Происхождением своим Возрождение обязано меценатству Медичи и папскому трону и называется даже "Медицейским". Глава церкви не просто покровительствовал гуманистам, но постоянно стремился превратить итальянское Возрождение в придворное духовное движение, о чем свидетельствует знаменитая книга Кастильоне и почетные должности Лоренцо Баллы и других гуманистов при папском дворе. Леонардо Бруни был папским секретарем, Верджерио - канцлером Падуи при синьорах Каррара, Бонинконтри - наемником Сфорцы и придворным астрологом. Что их объединяло? Чем они отличались от интеллигентов Средневековья? Расширением цеховых и сословных границ? Небывалым ростом человеческих связей? Подчеркиванием личностности и индивидуализма? Да, но в куда большей мере - культурой, свободой, аристократизмом.
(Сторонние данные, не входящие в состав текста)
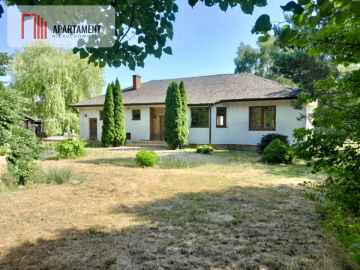 Dom w otoczeniu lasu z dużą działką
Творение Медичи и нескольких избранных умов, sapients, Возрождение сознательно отворачивалось от толпы, черни, плебса. Гуманисты связывали элитарность со знанием античности: те, кто изучал антику, автоматически оказывался лучшей частью человечества независимо от сословия, к которому принадлежал, остальные автоматически отбрасывались в разряд vulgus, plebs, multitude.